Exercise brief: Transcribe word for word the lines spanning the line with "Dermatitis irritativa de" through the end of the records.

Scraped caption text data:

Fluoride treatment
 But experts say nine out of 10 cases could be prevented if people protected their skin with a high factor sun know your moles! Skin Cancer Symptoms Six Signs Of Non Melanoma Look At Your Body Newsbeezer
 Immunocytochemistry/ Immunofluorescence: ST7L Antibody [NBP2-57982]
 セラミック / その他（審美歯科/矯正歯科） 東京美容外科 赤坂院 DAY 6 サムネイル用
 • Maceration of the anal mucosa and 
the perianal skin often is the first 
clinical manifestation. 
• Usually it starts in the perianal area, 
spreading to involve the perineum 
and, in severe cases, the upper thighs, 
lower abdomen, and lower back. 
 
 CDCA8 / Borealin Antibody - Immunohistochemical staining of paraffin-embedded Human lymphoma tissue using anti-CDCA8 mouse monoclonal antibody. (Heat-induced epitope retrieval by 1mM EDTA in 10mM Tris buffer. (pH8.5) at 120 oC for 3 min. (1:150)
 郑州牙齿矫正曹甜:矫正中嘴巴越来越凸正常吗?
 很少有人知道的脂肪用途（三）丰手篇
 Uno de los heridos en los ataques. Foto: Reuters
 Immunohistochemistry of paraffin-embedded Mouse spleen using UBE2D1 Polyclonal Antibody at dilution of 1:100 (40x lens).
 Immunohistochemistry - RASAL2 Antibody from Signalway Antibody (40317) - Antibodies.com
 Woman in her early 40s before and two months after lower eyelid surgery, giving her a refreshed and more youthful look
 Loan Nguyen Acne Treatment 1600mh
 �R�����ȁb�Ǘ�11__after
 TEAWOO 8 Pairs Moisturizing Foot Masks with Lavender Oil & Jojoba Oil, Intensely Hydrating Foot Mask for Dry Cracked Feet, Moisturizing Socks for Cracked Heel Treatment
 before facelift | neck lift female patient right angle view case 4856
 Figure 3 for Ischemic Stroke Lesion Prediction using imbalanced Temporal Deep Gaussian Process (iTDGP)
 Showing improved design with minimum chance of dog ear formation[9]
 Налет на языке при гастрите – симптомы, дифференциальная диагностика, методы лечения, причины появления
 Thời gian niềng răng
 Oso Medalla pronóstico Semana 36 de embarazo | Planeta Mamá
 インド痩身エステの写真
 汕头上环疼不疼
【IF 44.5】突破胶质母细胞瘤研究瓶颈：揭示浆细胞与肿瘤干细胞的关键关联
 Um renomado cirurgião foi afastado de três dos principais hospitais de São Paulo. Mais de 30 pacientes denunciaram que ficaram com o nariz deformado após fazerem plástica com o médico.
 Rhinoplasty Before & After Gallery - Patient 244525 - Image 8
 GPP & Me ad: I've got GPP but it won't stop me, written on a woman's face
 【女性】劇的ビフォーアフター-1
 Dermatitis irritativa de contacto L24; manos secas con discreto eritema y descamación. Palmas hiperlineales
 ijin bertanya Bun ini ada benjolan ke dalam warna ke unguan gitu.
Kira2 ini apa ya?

Written solution:
 Dermatitis irritativa de contacto L24; manos secas con discreto eritema y descamación. Palmas hiperlineales
 ijin bertanya Bun ini ada benjolan ke dalam warna ke unguan gitu.
Kira2 ini apa ya?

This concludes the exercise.